Сразу начну с описания ситуации. С первого класса была очень влюблена в одного мальчика. B детстве мне казалось что безответно, но уже во взрослом возрасте выяснилось что он тоже был в меня влюблён вообще ещё с детского сада. Понимаю что это всё может звучать смешно, но чувства были действительно очень сильные. 
Случилось так что в 7 классе я с родителями переехала заграницу. И с тех пор мы с ним больше не виделись вплоть до моего первого приезда на родину, в 26 лет. Мы виделись только один раз, просто пообщались как старые одноклассники. После этого он мне написал, что после того как я уехала в 7 классе, ему очень тяжело было меня забыть и я ему снилась примерно раз в год, вплоть до нынешнего момента. Хотя он уже обо мне и не думал особо во взрослом возрасте, но я продолжала ему сниться.
Самое интересное что та же ситуация и у меня. Он мне периодически снился с тех пор как я уехала. Даже когда я вышла замуж, была счастлива в браке, он мне продолжал сниться. И во сне такое счастье, такой трепет, просто до слёз. 
А сны примерно одинаковые всегда (и у него такие же). Мы с ним сталкиваемся где-то в компании друзей или одноклассников, и всё никак не можем друг к другу подойти, что-то постоянно мешает. Он какбы от меня ускользаяет постоянно.
После нашей последней встречи я о нём всё чаще думаю, те детские чувства никуда не делись. Я давно в разводе и он не женат, но нас разделяют тысячи километров, разные государства и т.д. 
Мне интересно, может вы бы мне смогли обьяснить сам феномен, что это такое? почему такая нелепая ситуация? столько чувств и нежности, но жизнь нас постоянно разлучает. И почему с детства и ему и мне снятся эти сны?

----------


## Вирочана дас

ХАРЕ КРИШНА Татьяна. Спасибо Вам за вопрос. Позвольте я отвечу Вам 2 или 3 марта. Причина в некоторых обстоятельствах. Извините.

----------


## Вирочана дас

ХАРЕ КРИШНА Татьяна. Спасибо Вам за вопрос.  Все, что Вы описали,  является феноменом  кармы – причинно следственного механизма этого мира. 
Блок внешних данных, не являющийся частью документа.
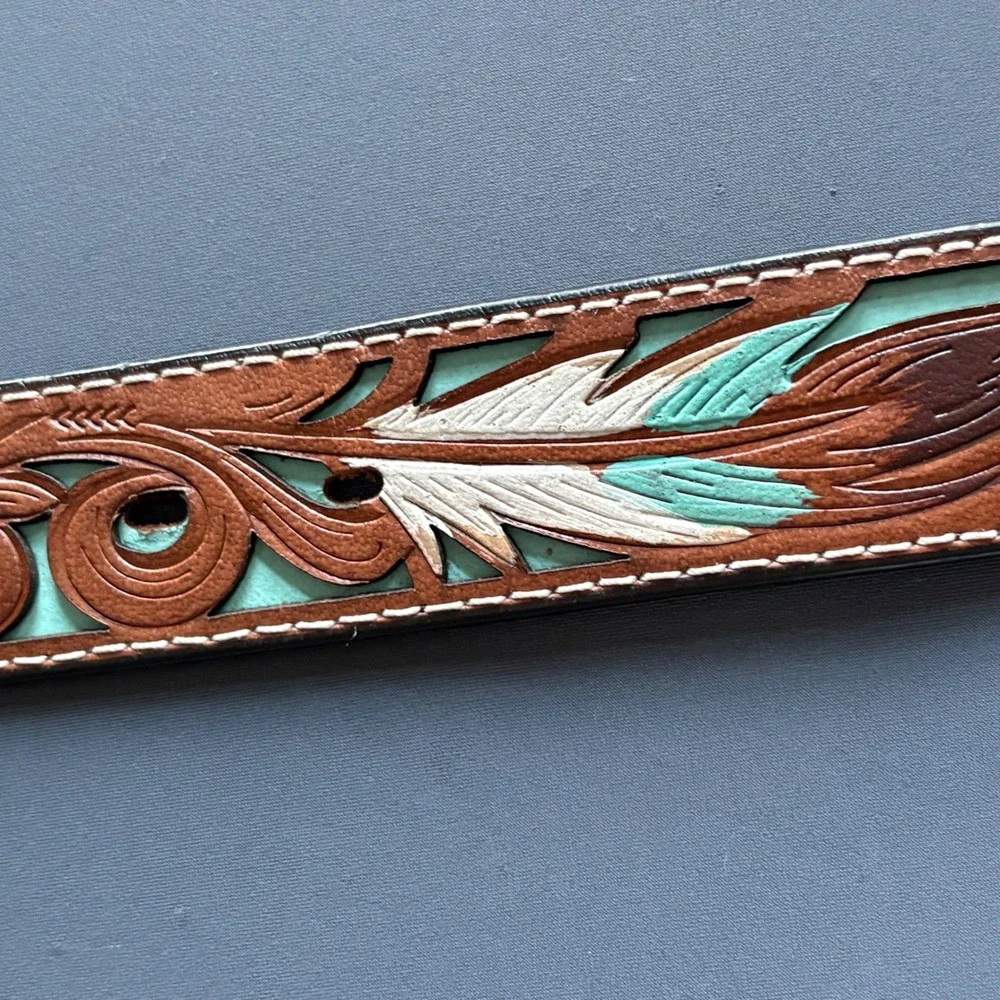 Nocona Mens Brown Leather Tooled Feather Turquoise Western Belt | Sz 34 |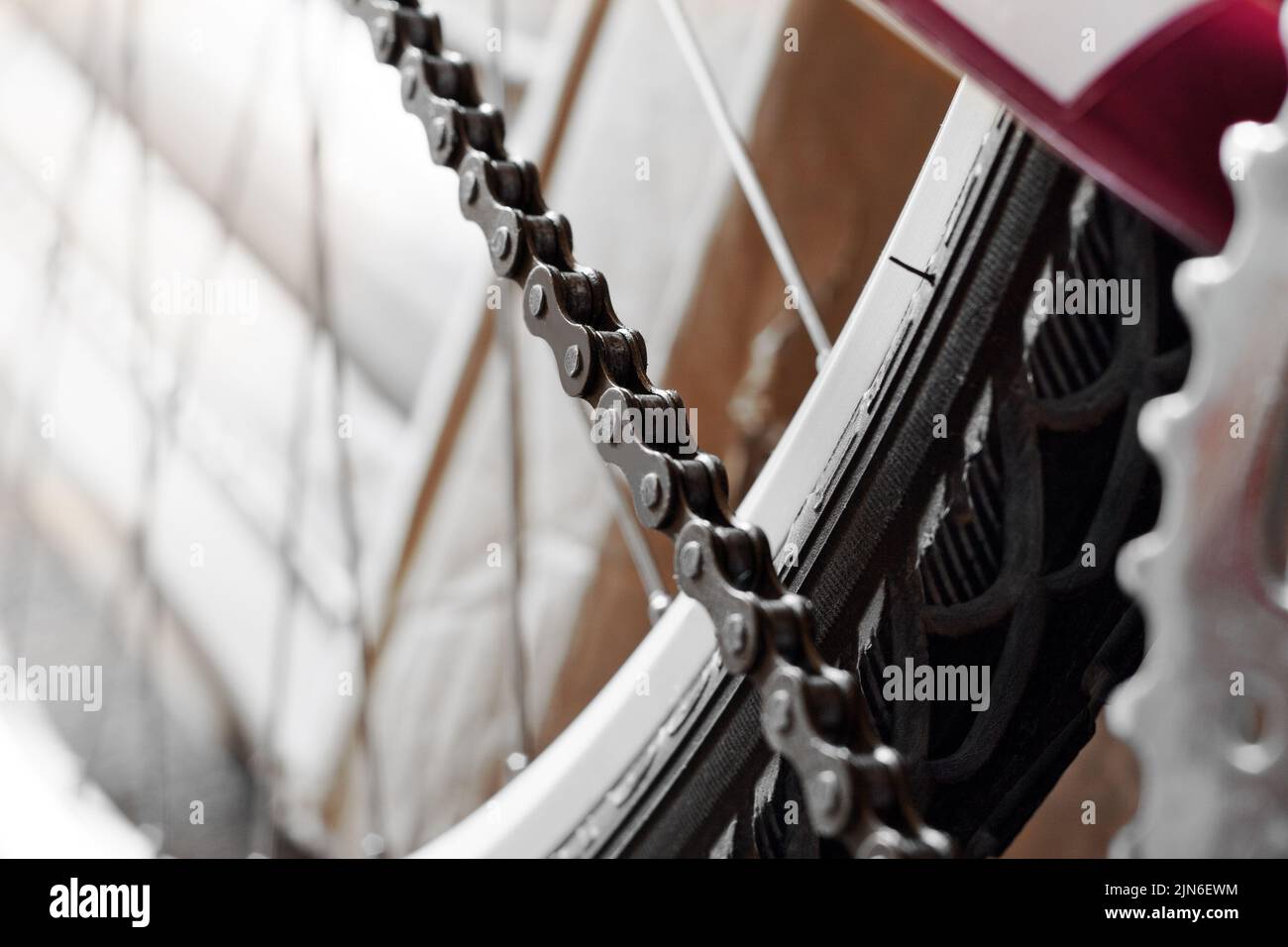 Single speed bike chain. Close-up. On white background. Stock Photo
В Бхагавад Гите 13. 22.  говорится: “ Так живое существо, оказавшееся в материальном мире, следует дорогами жизни и наслаждается тремя гунами природы. Оно соприкасается с материей и в результате встречается с добром и злом в разных формах жизни. “   

Таким образом,  душа, попадая в этот мир, может проживать здесь  долгое время, меняя различные тела и путешествуя по всей Вселенной. И в этих своих путешествиях и перевоплощениях она встречается с другими душами, заводит отношения, на какое-то время соединяется,  проживает вместе несколько жизней, а потом расстается навсегда. Где – то отношения  порождают сильную привязанность и продолжаются несколько жизней подряд.  Долгое время проживания в этом мире, многие перевоплощения – значительно обуславливают   живое существо (душу) и оно начинает очень серьезно относиться ко всем событиям этого мира. Оно буквально очень глубоко, “с головой” погружается во все эти переплетения судеб и событий этого мира. Это самозабвенное состояние называется майей – полным забвением своей изначальной вечной духовной природы. Шрила Прабхупада указывает в комментарии к этому стиху что  ”Причиной тому его привязанность к материальному существованию .“ 

Итак, причиной существования в этом мире и,  соответственно причиной всех событий  и отношений, является забвение своей изначальной природы и привязанность к этому материальному существованию.  Причем все, что происходит в этом мире, живое существо начинает принимать, как очень серьезные и важные события,  хотя в действительности, это может являться всего – лишь небольшим фрагментом на долгом  пути путешествия в этом материальном мире.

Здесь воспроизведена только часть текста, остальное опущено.